- Born: Swaminathan 12 April 1904 Gudiyatham, Madras Presidency
- Died: 4 January 1974 (aged 69) CMC Hospital, Vellore, Tamil Nadu

= K. M. Annal Thango =

Indian Tamil scholar and freedom fighter (1904–1974)

K. M. Annal Thango (12 April 1904 – 4 January 1974) was an Indian Tamil scholar, freedom fighter, writer, and lyricist. He contributed significantly to Tamil culture and literature and advocated for the adoption of the Thirukkural tradition in Tamil weddings.

== Life ==
K. M. Annal Thango was born as Swaminathan on 12 April 1904 in Gudiyatham, Madras Presidency, to Murugappa Mudaliar and Manickammal. Later, he adopted the name Annal Thango to align with the Thani Tamil Iyakkam (Tamil Purist Movement).

He joined the Indian National Congress in 1918 and participated in numerous protests for India's independence. In 1923, he was imprisoned twice, each time for three months, for picketing a lawyer's shop in Madurai. In 1927, he was arrested during the Neil Statue Satyagraha for attempting to damage the statue and was sentenced to one year of rigorous imprisonment. He also took part in the Nagpur Civil Lines protest, where he hoisted the national flag and shouted anti-British slogans, defying a government ban, resulting in seven months of rigorous imprisonment. Over the years, he was imprisoned five times for his involvement in the freedom movement. He briefly contributed to E. V. Ramasamy's Kudiarasu magazine during this period.

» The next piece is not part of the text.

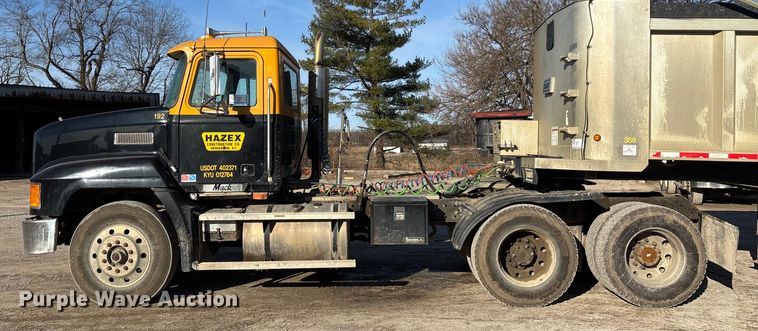 image for item DW7453 1997 Mack CH613 semi truck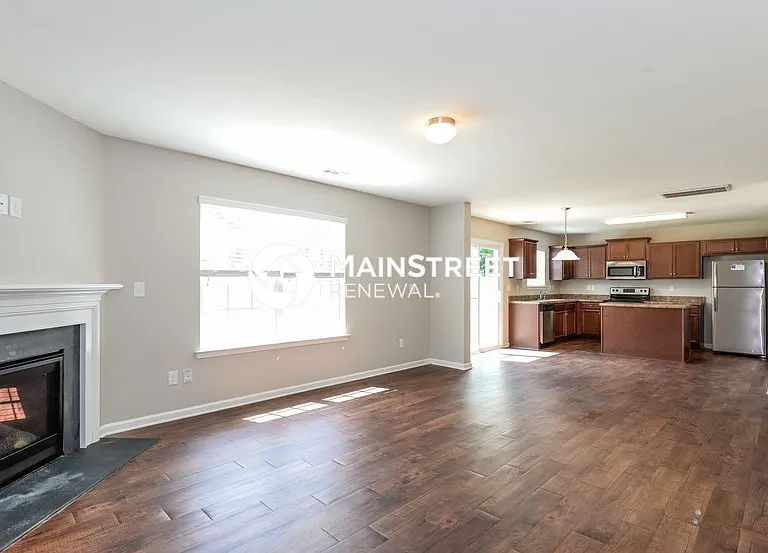 6407 Maple Creek Ct — Photo 4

In 1934, Annal Thango organized Mahatma Gandhi’s visit to Gudiyatham. However, Gandhi’s decision to skip the public meeting arranged by Annal Thango caused a disagreement, leading him to resign from the Congress.

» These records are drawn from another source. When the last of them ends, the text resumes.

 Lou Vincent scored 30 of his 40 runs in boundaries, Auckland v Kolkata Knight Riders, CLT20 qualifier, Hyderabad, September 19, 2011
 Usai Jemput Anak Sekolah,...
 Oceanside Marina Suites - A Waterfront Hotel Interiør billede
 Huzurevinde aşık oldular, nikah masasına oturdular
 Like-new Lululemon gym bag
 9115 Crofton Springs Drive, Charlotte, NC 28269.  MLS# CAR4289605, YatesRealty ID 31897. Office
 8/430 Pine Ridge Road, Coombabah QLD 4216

In 1936, he joined the Justice Party (then South Indian Liberal Federation). When the Justice Party merged with the Self-Respect Movement in 1944 to form the Dravidar Kazhagam, Annal Thango proposed renaming it "Tamil Kazhagam".

Annal Thango also made literary and cultural contributions. In 1927, he presided over his own wedding, introducing the Thirukkural tradition Tamil wedding, which replaced Sanskrit rituals with recitations from the Thirukkural. In 1942, he launched the magazine Tamil Nilam. He also wrote songs for Tamil films, including Parasakthi, Petra Manam, Pasiyin Kodumai, and Gomathiyin Kaadhalan.

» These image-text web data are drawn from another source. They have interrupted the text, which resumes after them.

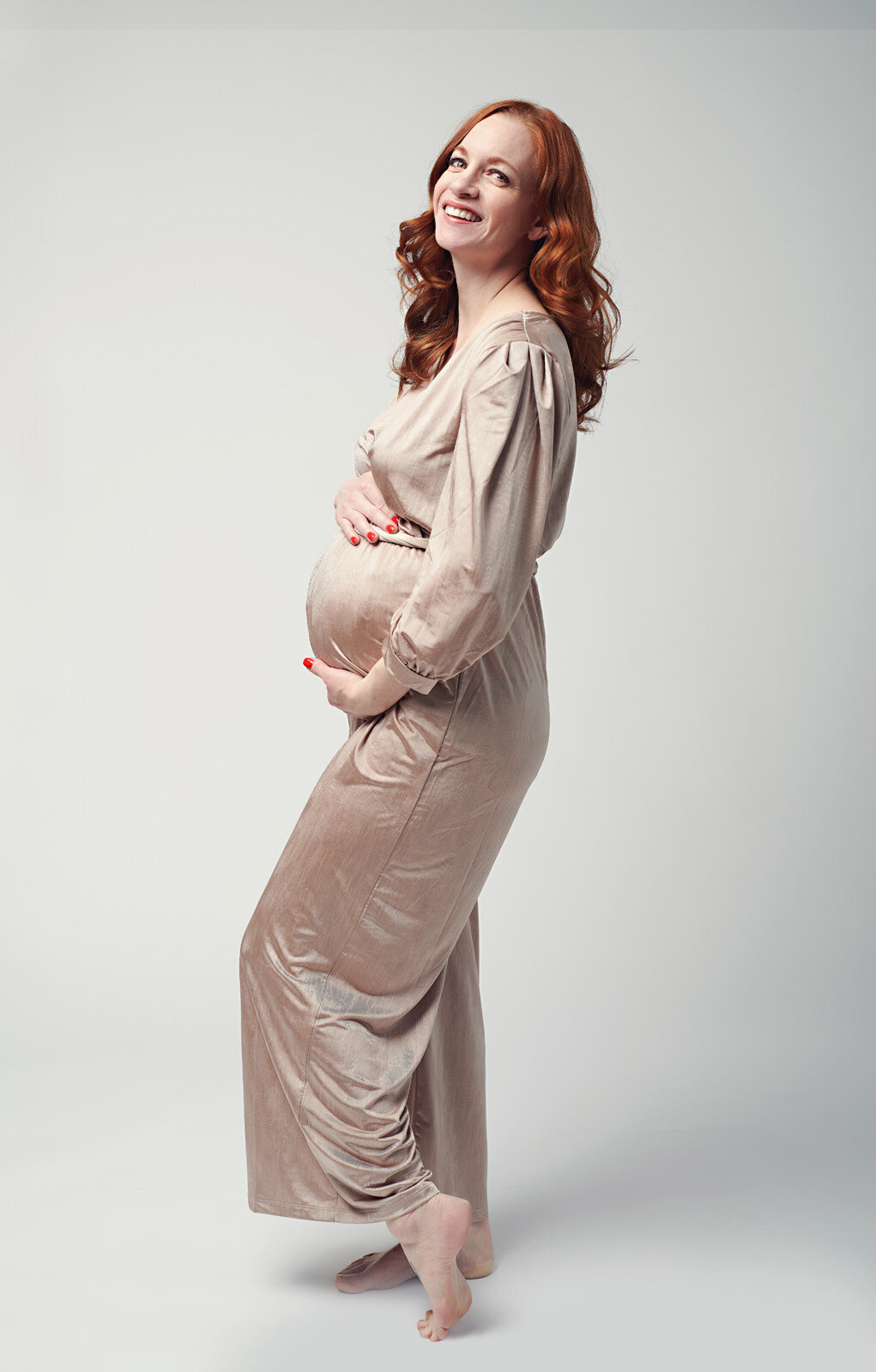 Fine Art Maternity Portrait of Smiling Woman in Neutral Outfit-06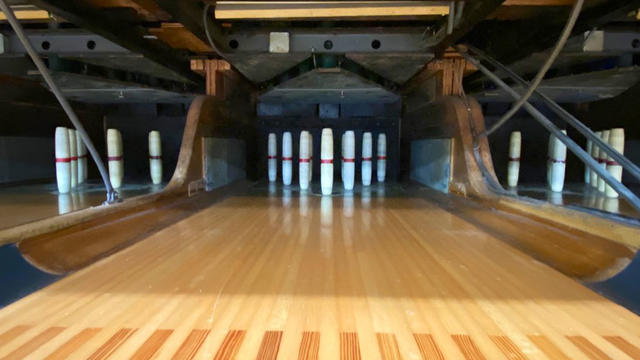 candlepin-bowling.jpg 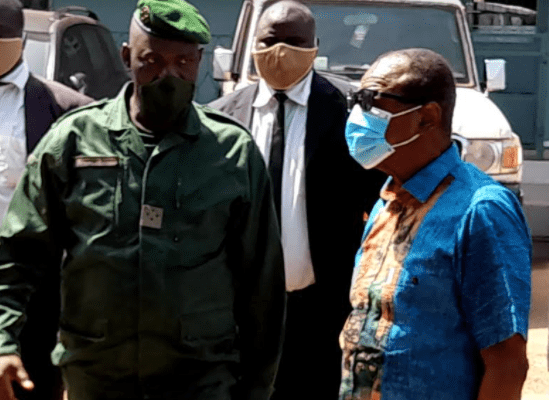 Alpha Condé, président de la République de Guinée au chevet des victimes des violences postélectorales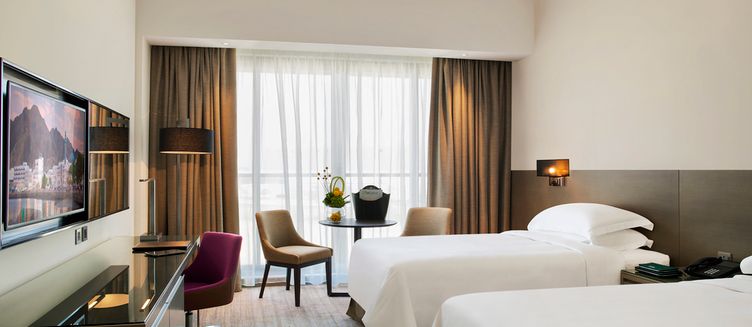 Фото отеля Novotel Muscat Airport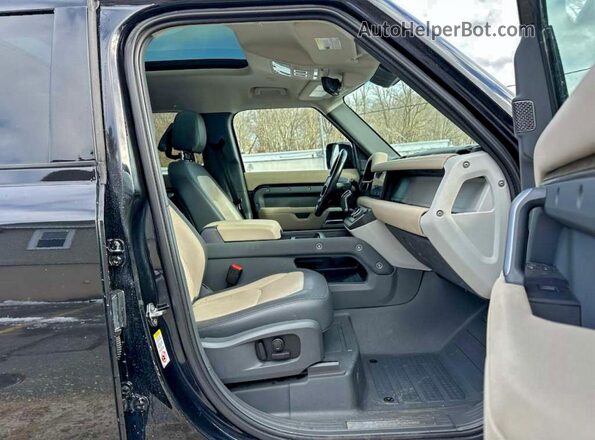 SALE2EEU2P2120298 2023 LAND ROVER DEFENDER Black Dashboard view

Annal Thango died on 4 January 1974 at CMC Hospital, Vellore. In 2008, his works were declared national treasures by then Tamil Nadu Chief Minister M. Karunanidhi, recognizing his contributions to Tamil culture and literature. In 2024, a statue in his honor was erected in Kudiyatham, Vellore District at a cost of Rupees Fifty Lakh.